Regulation of growth and differentiation of human keratinocytes by type beta transforming growth factor and epidermal growth factor

Abstract

The role of type beta transforming growth factor (TGF beta) and epidermal growth factor (EGF) as regulators of the growth and differentiation of cultured human neonatal epidermal cells and squamous carcinoma cells was investigated in postconfluent cultures.
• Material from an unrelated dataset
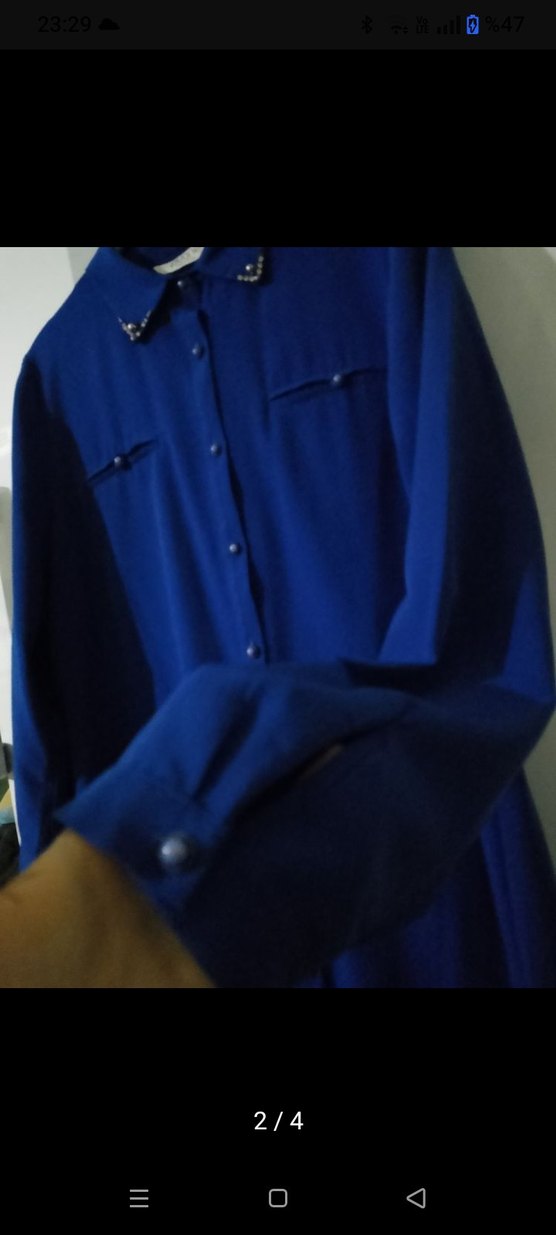 Düğmeli Mavi Kadın Tunik - Görsel 2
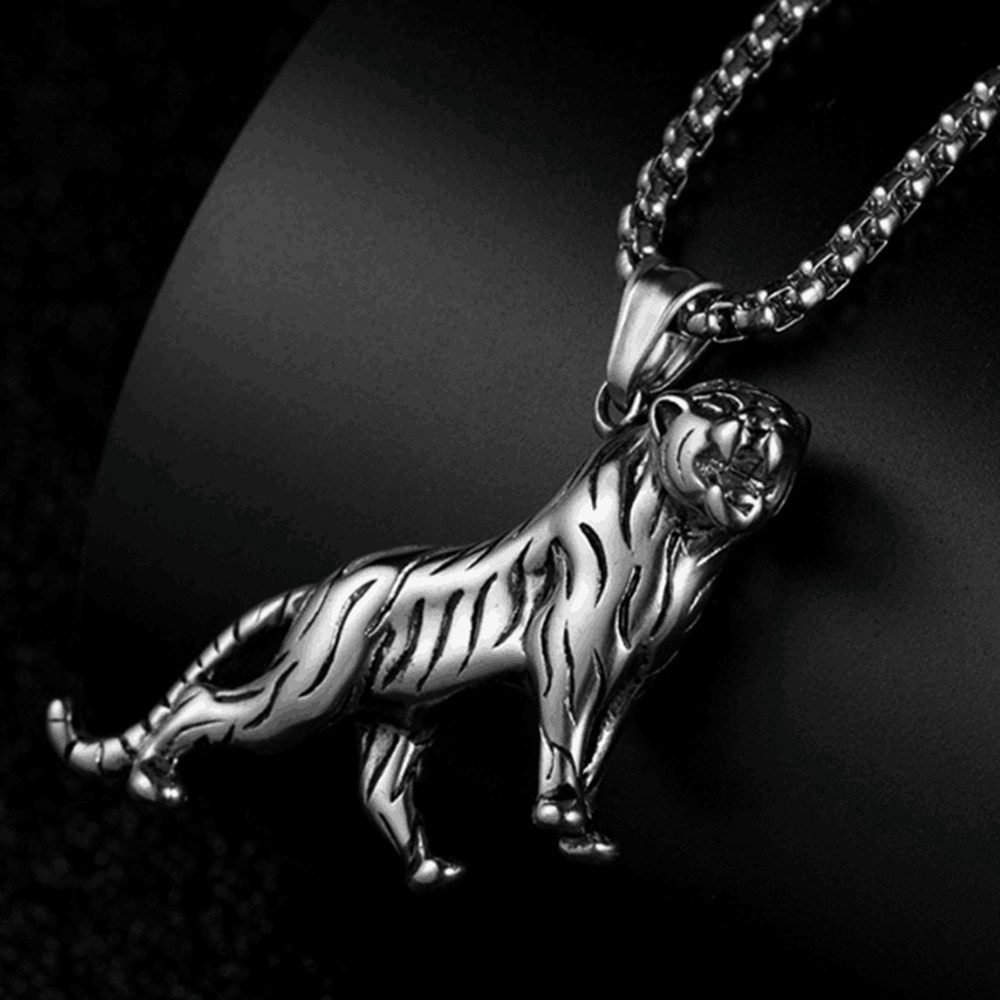 New Punk Animal Necklace Fashion Personality Tiger Pendant Necklace Men Charm Jewelry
Neither cell proliferation nor DNA synthesis was affected by treatment with TGF beta alone; however, EGF significantly stimulated cell growth, and this process was specifically antagonized by TGF beta. In addition, TGF beta inhibited the maturation of human foreskin-derived epidermal cells, as measured by their competence to synthesize involucrin and to form cornified cell envelopes, in a dose-dependent manner. Although treatment with EGF did not affect the maturation of human foreskin-derived epidermal cells, the combination of a low concentration of TGF beta with EGF resulted in significant enhancement of the maturation of these normal keratinocytes. Growth of three of four squamous carcinomas in the presence of EGF was not inhibited by TGF beta. In addition, all four carcinomas were either totally or partially resistant to the induction of maturation by the combination of TGF beta and EGF. This resistance of squamous carcinomas to TGF beta was paralleled by an increased sensitivity to the antikeratinizing effects of EGF. Thus, TGF beta inhibited the mitogenic stimulation of keratinocytes by EGF and induces cell maturation.